With the outbreak of war in 1914, she returned to Denmark, continuing to teach and giving concerts. She also gave a number of concerts in Sweden in 1916, including one featuring the composer Emil Sjögren with whom she played his sonatas for violin and piano. Back in Denmark, in 1918 she accompanied the court pianist Johanne Stockmarr and was appointed court violinist, becoming the only women to receive the honour. As a teacher, she was engaged by C.F.E. Horneman's conservatory and later by the Royal Danish Academy of Music (1919–1923).

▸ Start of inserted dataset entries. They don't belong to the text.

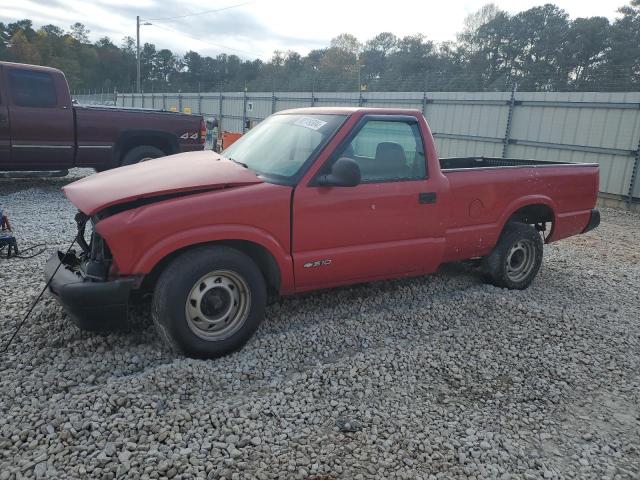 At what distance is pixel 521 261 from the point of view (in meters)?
5.38

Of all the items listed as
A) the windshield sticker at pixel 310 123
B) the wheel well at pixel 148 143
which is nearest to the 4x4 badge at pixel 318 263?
the windshield sticker at pixel 310 123

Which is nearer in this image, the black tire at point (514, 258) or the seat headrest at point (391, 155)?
the seat headrest at point (391, 155)

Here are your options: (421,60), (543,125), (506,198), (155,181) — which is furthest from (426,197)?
(421,60)

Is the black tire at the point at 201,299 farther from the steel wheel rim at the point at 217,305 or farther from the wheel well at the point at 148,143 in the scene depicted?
the wheel well at the point at 148,143

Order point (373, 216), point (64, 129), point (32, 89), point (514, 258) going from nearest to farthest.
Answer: point (373, 216) < point (514, 258) < point (32, 89) < point (64, 129)

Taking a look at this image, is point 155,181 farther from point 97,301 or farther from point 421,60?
point 421,60

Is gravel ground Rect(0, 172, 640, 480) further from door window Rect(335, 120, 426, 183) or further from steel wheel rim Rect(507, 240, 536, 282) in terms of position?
door window Rect(335, 120, 426, 183)

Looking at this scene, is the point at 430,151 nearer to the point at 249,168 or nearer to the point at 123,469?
the point at 249,168

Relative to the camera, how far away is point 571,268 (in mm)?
6379

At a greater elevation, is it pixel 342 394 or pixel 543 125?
pixel 543 125

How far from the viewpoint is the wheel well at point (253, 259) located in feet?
11.4

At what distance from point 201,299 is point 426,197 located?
209 cm

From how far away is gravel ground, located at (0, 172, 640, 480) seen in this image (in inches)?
103

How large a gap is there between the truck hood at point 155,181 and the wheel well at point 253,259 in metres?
0.41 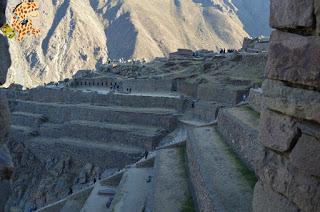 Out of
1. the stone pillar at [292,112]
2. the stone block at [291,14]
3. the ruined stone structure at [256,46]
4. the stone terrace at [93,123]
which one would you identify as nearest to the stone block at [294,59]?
the stone pillar at [292,112]

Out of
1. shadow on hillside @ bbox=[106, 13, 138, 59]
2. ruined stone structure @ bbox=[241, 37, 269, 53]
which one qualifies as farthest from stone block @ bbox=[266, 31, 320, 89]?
shadow on hillside @ bbox=[106, 13, 138, 59]

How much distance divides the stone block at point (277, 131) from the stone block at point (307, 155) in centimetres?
12

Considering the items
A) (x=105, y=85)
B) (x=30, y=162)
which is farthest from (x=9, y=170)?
(x=105, y=85)

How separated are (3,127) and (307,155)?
3585 millimetres

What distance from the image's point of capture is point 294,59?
13.6 ft

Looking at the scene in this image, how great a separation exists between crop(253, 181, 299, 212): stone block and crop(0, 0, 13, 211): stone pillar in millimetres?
2939

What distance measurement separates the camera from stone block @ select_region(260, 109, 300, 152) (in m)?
4.20

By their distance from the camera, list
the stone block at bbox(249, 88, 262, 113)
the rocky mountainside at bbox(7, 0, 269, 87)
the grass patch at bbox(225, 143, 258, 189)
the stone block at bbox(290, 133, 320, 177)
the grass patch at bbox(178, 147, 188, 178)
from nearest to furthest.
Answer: the stone block at bbox(290, 133, 320, 177), the grass patch at bbox(225, 143, 258, 189), the stone block at bbox(249, 88, 262, 113), the grass patch at bbox(178, 147, 188, 178), the rocky mountainside at bbox(7, 0, 269, 87)

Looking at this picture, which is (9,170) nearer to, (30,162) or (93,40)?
(30,162)

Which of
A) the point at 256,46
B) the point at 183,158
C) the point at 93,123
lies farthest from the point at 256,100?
the point at 256,46

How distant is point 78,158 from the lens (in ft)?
88.4

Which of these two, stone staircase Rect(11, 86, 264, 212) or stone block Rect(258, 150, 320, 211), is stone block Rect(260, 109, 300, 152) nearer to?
stone block Rect(258, 150, 320, 211)

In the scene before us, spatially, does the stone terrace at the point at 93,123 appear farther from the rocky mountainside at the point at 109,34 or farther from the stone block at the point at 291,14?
the rocky mountainside at the point at 109,34

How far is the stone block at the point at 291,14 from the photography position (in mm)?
3959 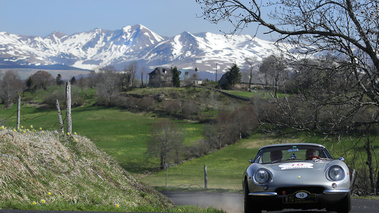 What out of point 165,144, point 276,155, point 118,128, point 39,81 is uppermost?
point 39,81

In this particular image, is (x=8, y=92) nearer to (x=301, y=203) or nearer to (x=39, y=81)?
(x=39, y=81)

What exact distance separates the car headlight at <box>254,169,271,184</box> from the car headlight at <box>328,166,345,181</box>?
Answer: 3.54 ft

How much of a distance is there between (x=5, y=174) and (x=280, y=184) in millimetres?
4728

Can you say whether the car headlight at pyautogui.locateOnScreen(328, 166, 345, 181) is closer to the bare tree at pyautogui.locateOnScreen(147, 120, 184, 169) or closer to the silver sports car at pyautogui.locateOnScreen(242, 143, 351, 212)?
the silver sports car at pyautogui.locateOnScreen(242, 143, 351, 212)

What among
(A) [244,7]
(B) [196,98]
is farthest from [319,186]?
(B) [196,98]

Like her German instructors, she also began to conduct. In about 1920, she established her own chamber orchestra which in 1925 became the amateur Euphrosyne Orchestra. From 1926, she was the orchestra's conductor for the next 30 years, also maintaining the orchestra's educational role as a lively, enthusiastic teacher. She was supported by Crown Prince Frederik, later King Frederik IX, who sponsored a number of the orchestra's concerts. She also continued to perform as a soloist, on one occasion causing quite a stir by performing nine of the most famous violin concertos over three consecutive evenings.

Breuning-Storm is also remembered for playing first violin in the Breuning-Bache Quartet which gave its first performance in 1919 and continued to play until 1956. Outside of Denmark it was known as the Copenhagen Quartet. Initially, its members included Gerhard Rafn, second violin, Ella Faber, violist, and Paulus Brache, cello. It gained a considerable reputation both in Denmark and abroad playing both classical and modern music.

Gunna Breuning-Storm died in Copenhagen on 24 April 1966. She is buried in Bispebjerg Cemetery.

== Awards ==
She was honoured with the Ingenio et arti award in 1935.